#### Exercise objective
An exact transcription is needed of the lines below from the one with "แหวนสแตนเลสแท้ 316L สีทรีโทน" through the one with "Fire Inspired Dress, Prom", with no other lines and no pictures.
Start of Exercise input
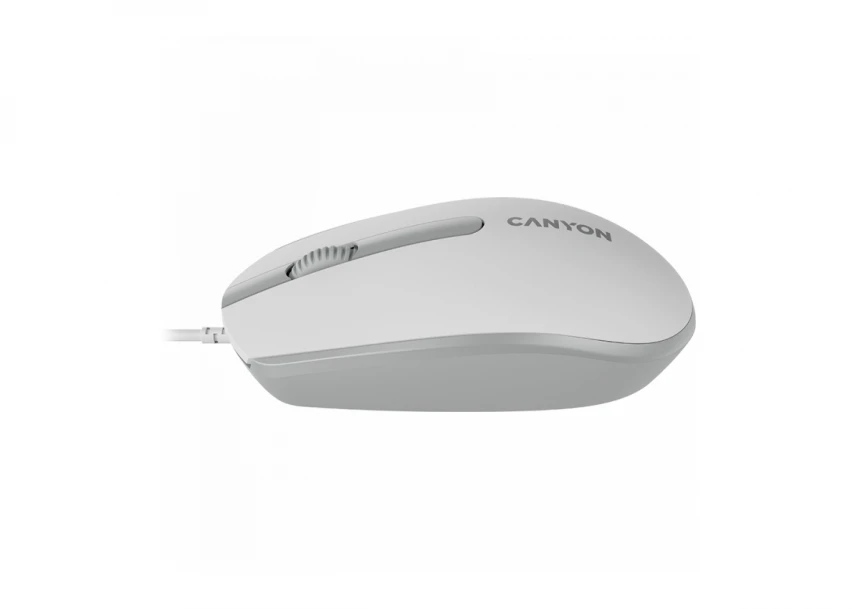 Canyon Wired  optical mouse with 3 buttons, DPI 1000, with 1.5M USB cable,White grey, 65*115*40mm, 0.1kg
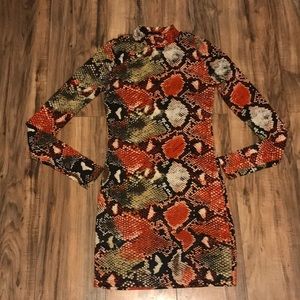 Shein orange black brown cream snake print long sleeves dress
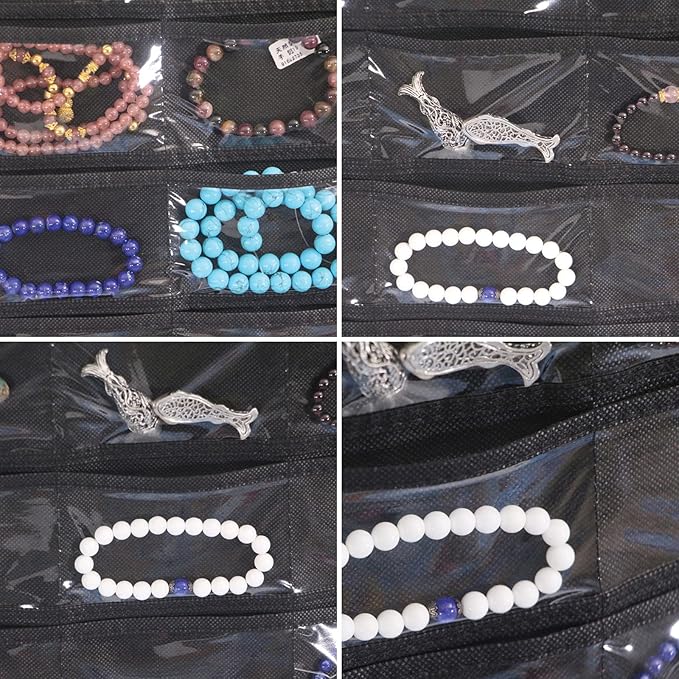 DIOMMELL 3 Pack Hanging Jewelry Organizer with 80 Pockets Jewelry Storage for Earrings Necklace Bracelet Ring Accessory, Black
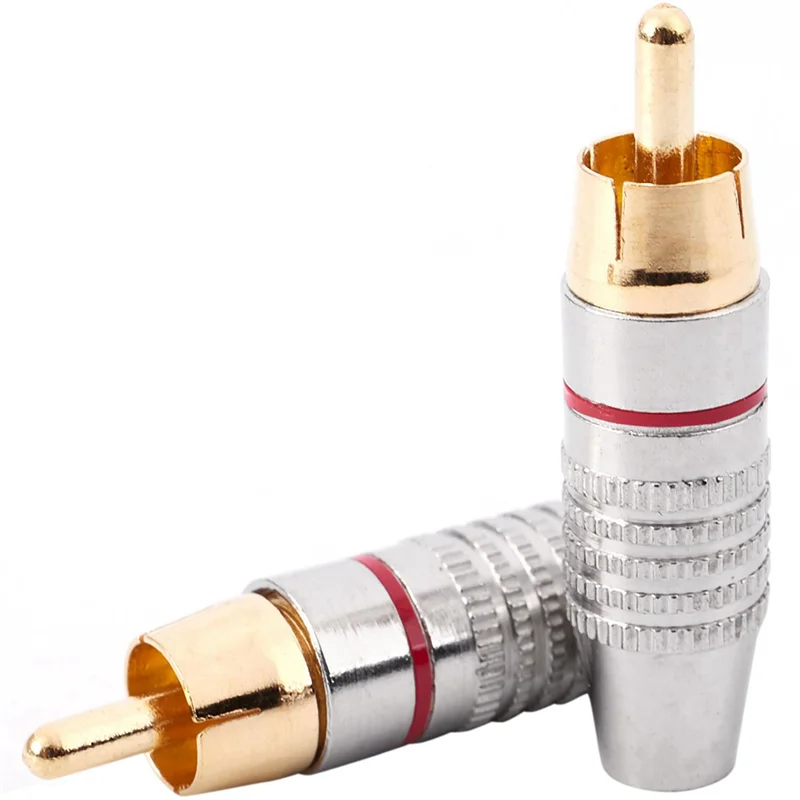 محول قابس ذكر A01F-RCA، موصل لحام مطلي بالذهب الصوتي فونو، نهاية عالية - 12 عبوة، فضي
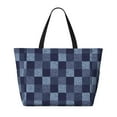 thumbnail image 2 of Zufioo Blue Gingham Buffalo Check Print Large Capacity Beach Travel Bag, Zippered Pocket Foldable Hand-held Shoulder Beach Bag, 2 of 7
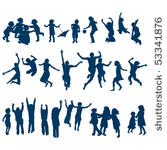 30 happy kids jumping and...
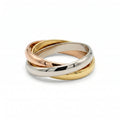 แหวนสแตนเลสแท้ 316L สีทรีโทน ดีไซน์วงกลมสามกษัตริย์ไขว้ (Triple Rolling Rings) สไตล์คลาสสิกพรีเมียม ไม่ลอกไม่ดำ [The Trinity Harmony Ring]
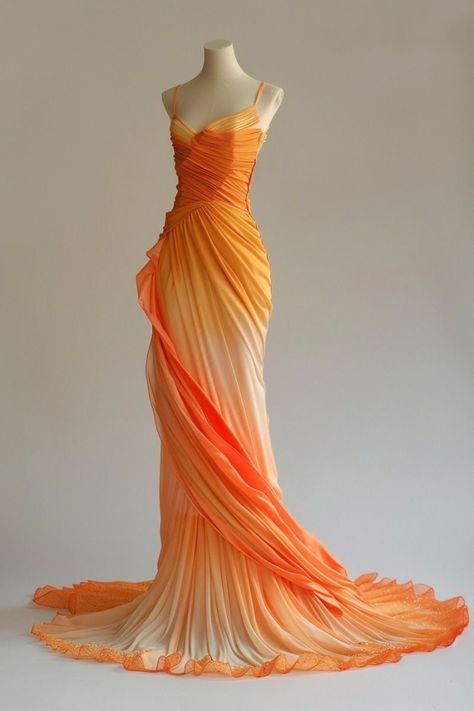 Fire Inspired Dress, Prom Fits, Satin Dresses Casual, Celtic Dress, Gold Sunset, Process Book, Orange Outfits, Got Art, New Prom Dresses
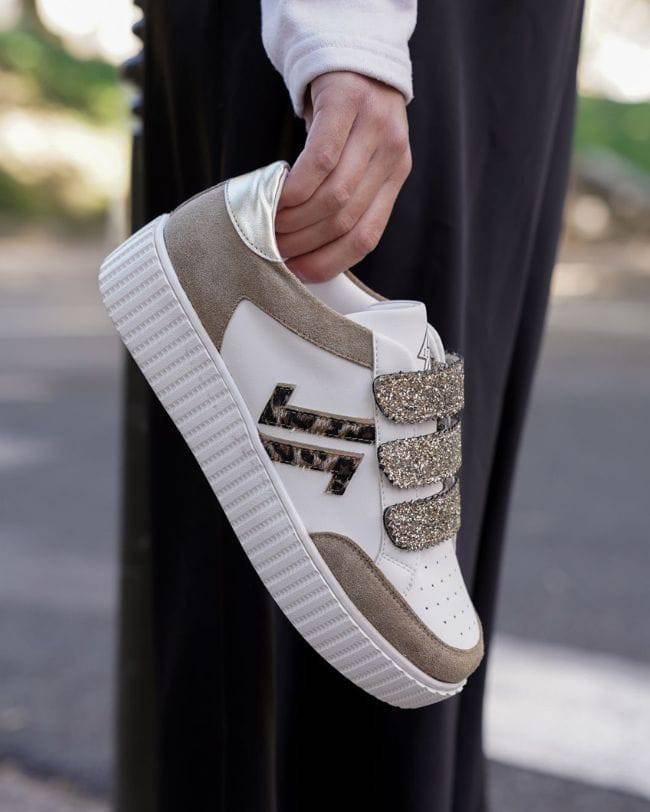 Basket femme léopard creepers à scratch - CL70 LEO - cl11sneakers.fr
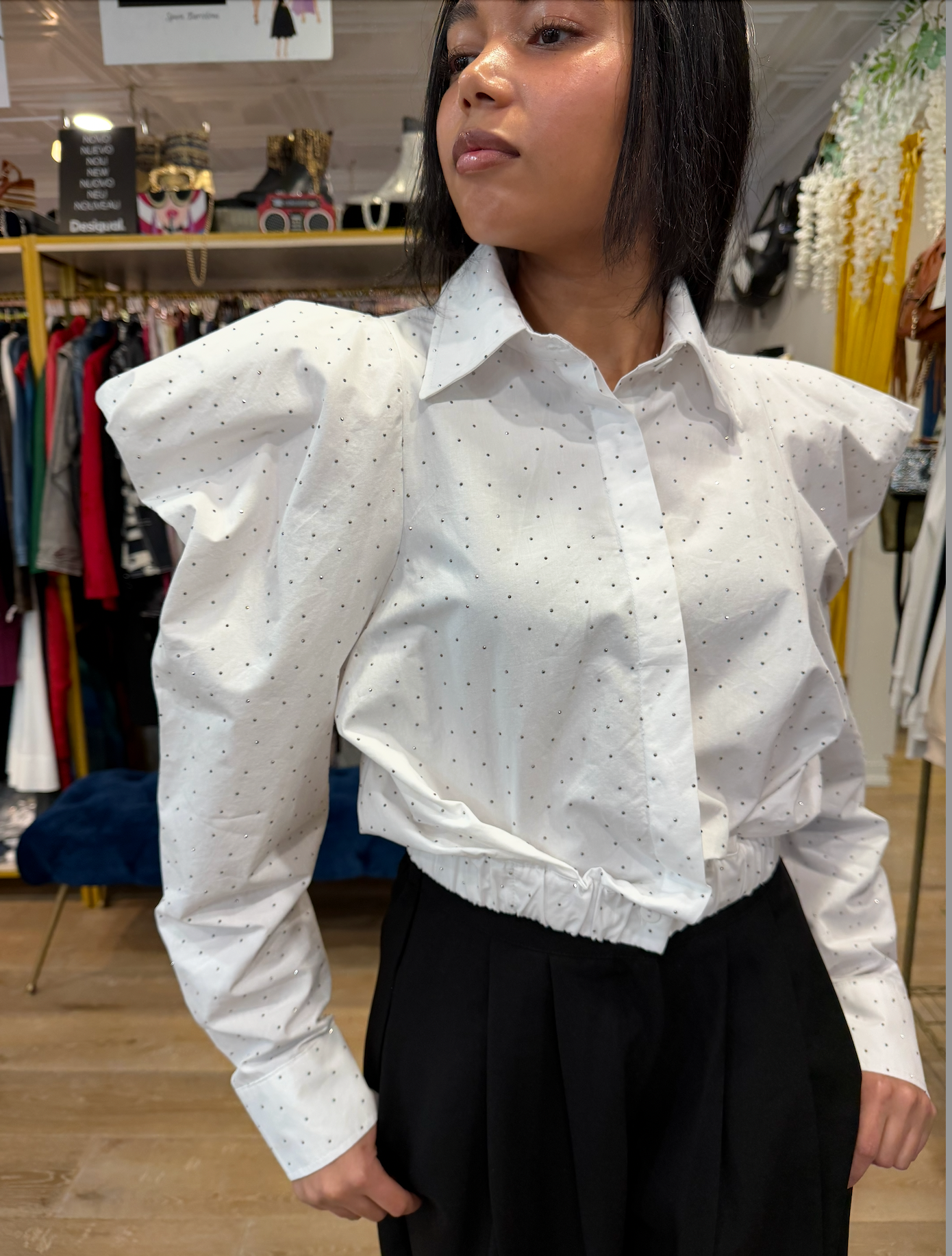 Zanardi Fashion Structured Shoulder Blouse with Micro Crystal Detailing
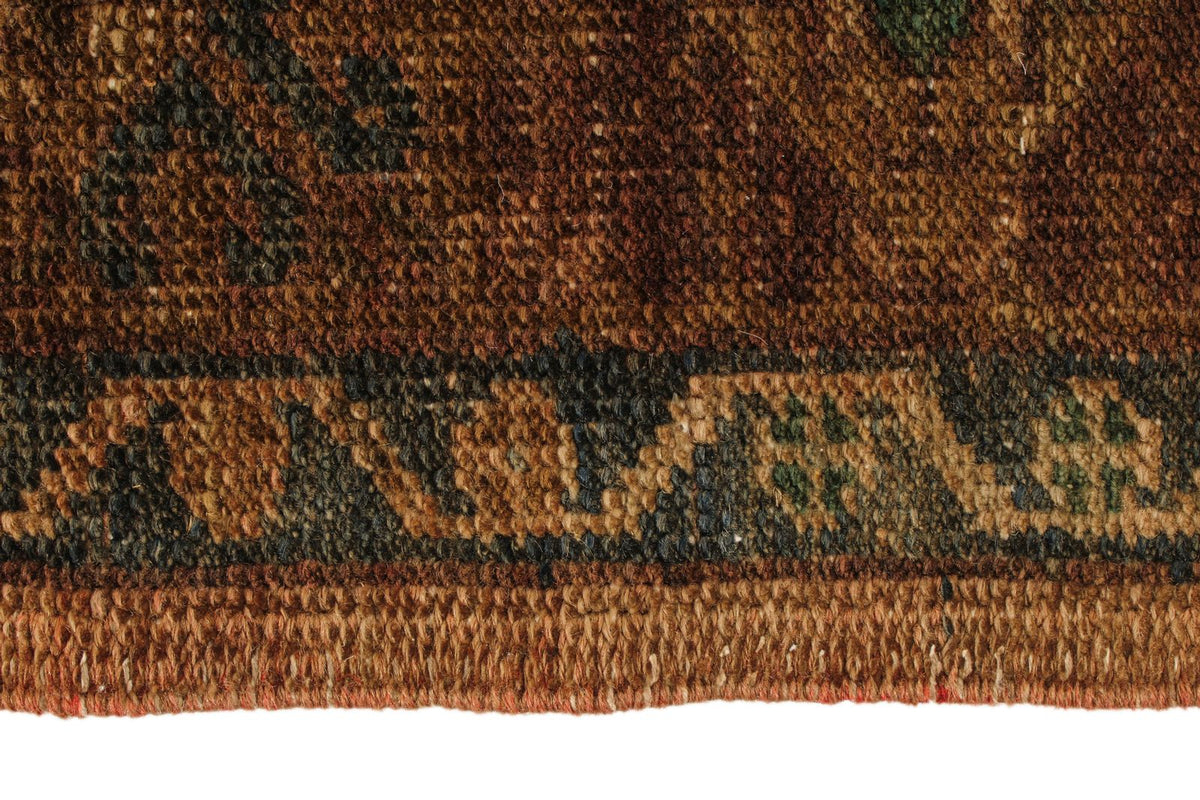 5x13 Beige and Brown Turkish Tribal Runner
End of Exercise input
#### Task output
 แหวนสแตนเลสแท้ 316L สีทรีโทน ดีไซน์วงกลมสามกษัตริย์ไขว้ (Triple Rolling Rings) สไตล์คลาสสิกพรีเมียม ไม่ลอกไม่ดำ [The Trinity Harmony Ring]
 Fire Inspired Dress, Prom Fits, Satin Dresses Casual, Celtic Dress, Gold Sunset, Process Book, Orange Outfits, Got Art, New Prom Dresses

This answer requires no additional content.